[Data entries]
- - - -

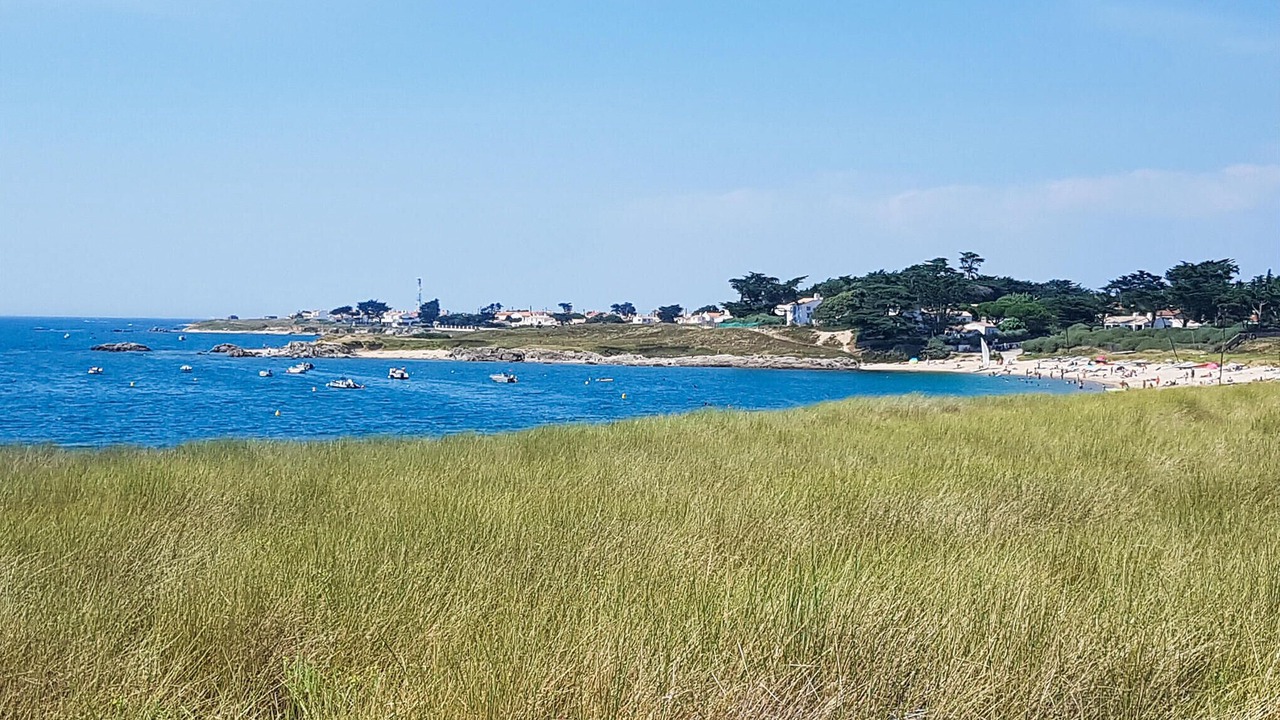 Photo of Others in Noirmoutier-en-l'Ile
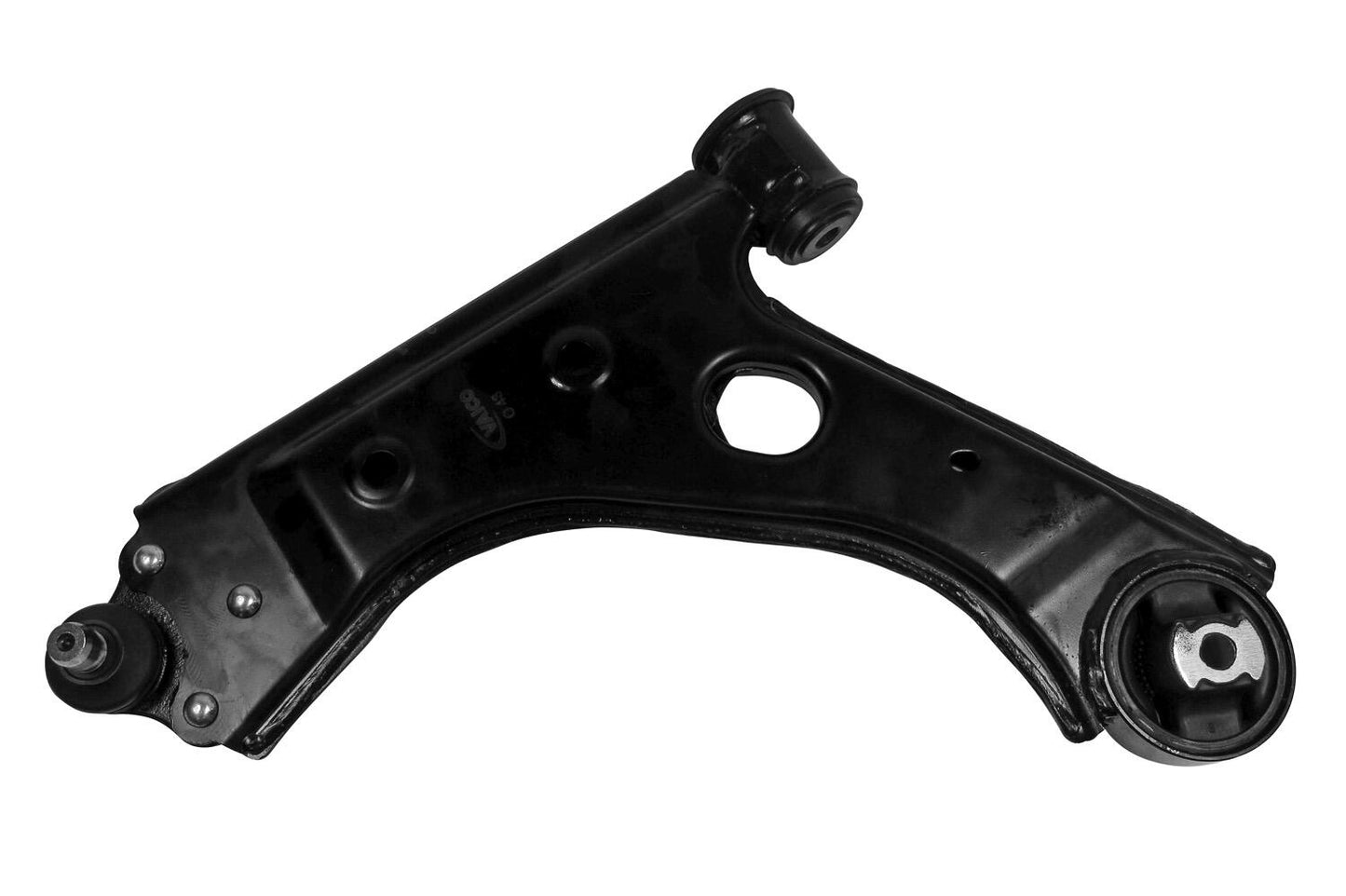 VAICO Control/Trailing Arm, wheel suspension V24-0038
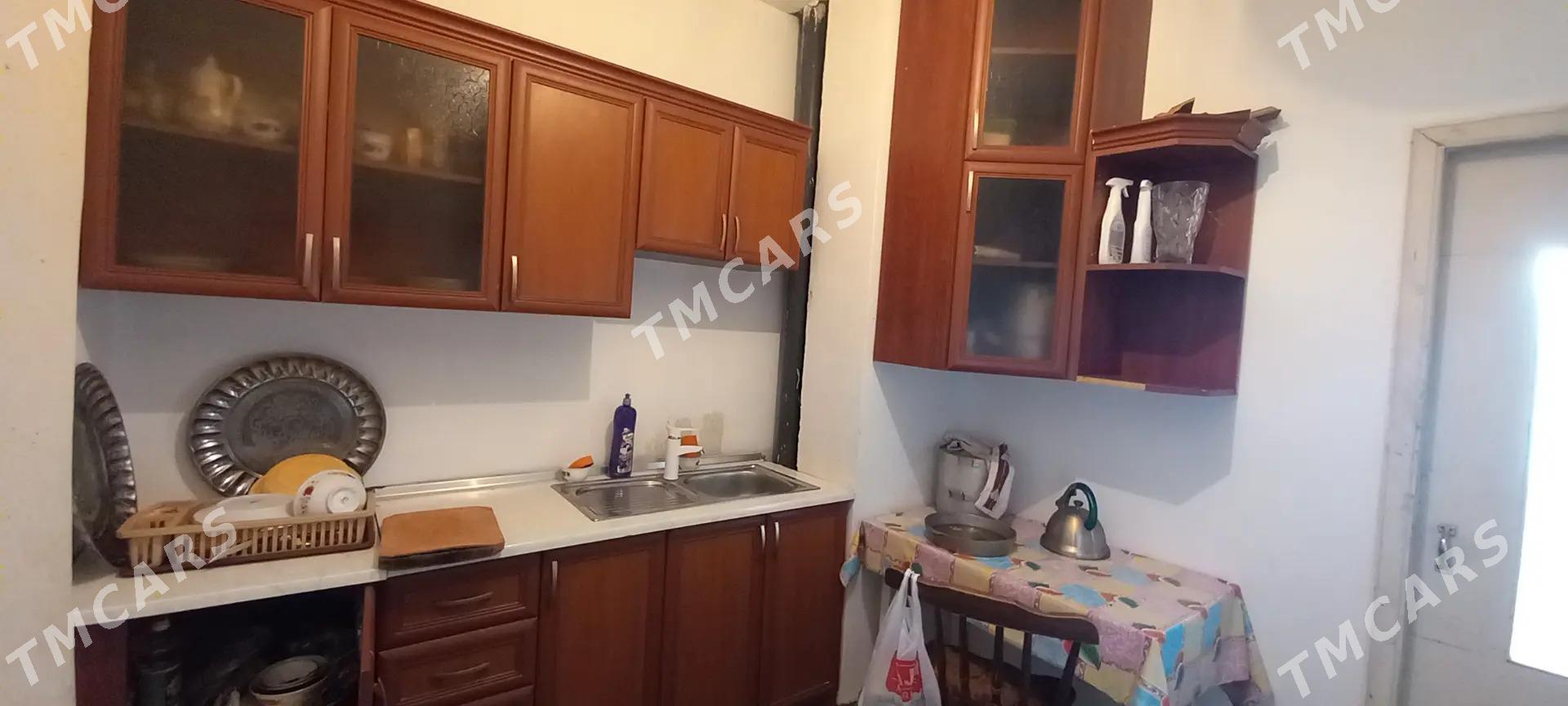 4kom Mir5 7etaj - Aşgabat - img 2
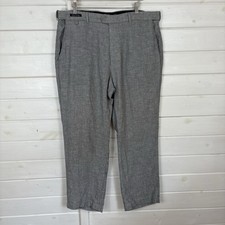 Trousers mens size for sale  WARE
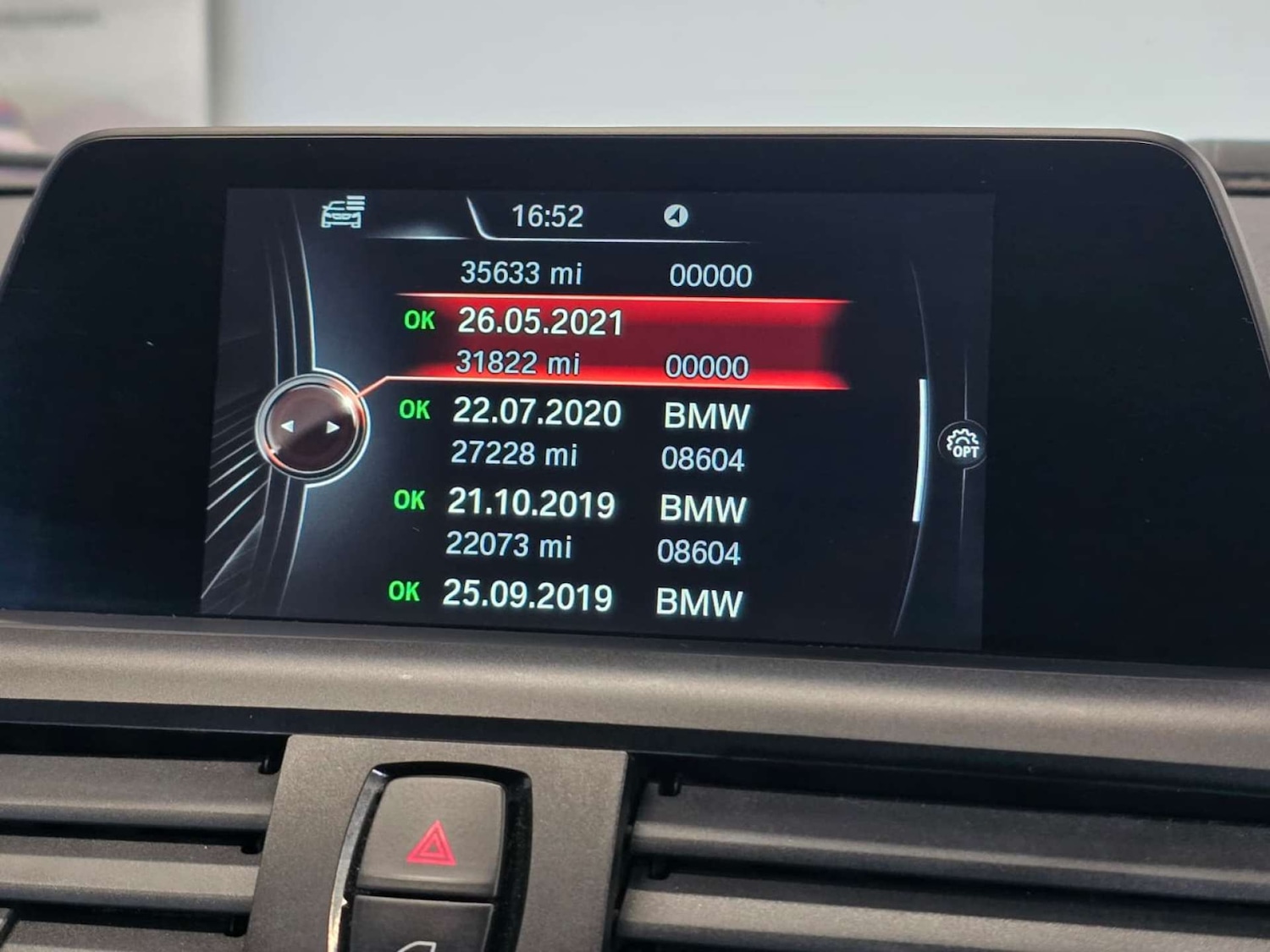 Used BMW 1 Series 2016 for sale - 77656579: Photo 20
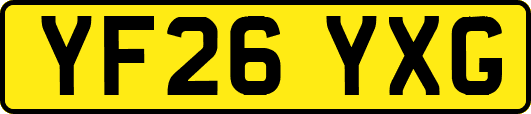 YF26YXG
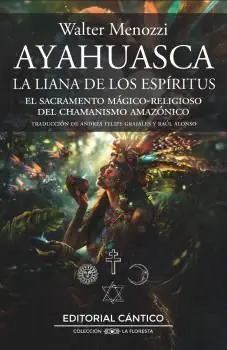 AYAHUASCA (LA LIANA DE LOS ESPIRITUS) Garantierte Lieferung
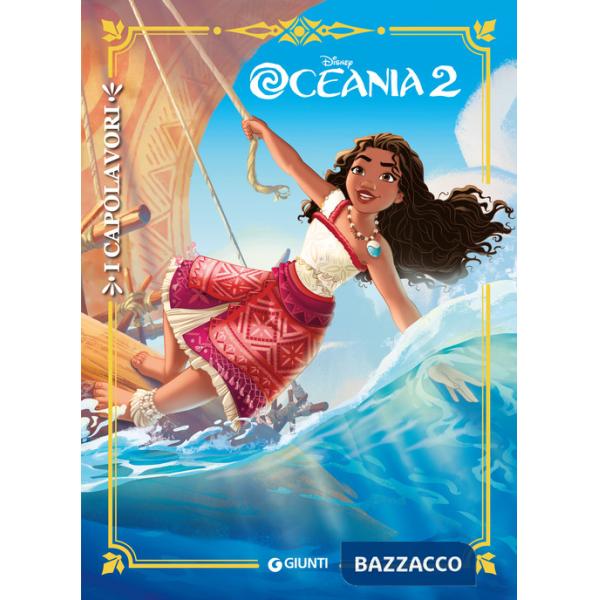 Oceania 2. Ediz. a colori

- - - -

WHAT THE EXERCISE ASKS » The lines from the one with "AYAHUASCA (LA LIANA" to the end of the data above should be retyped exactly, both ends included, and pictures are to be left out.

ANSWER FOR THIS EXERCISE »
 AYAHUASCA (LA LIANA DE LOS ESPIRITUS) Garantierte Lieferung
 Oceania 2. Ediz. a colori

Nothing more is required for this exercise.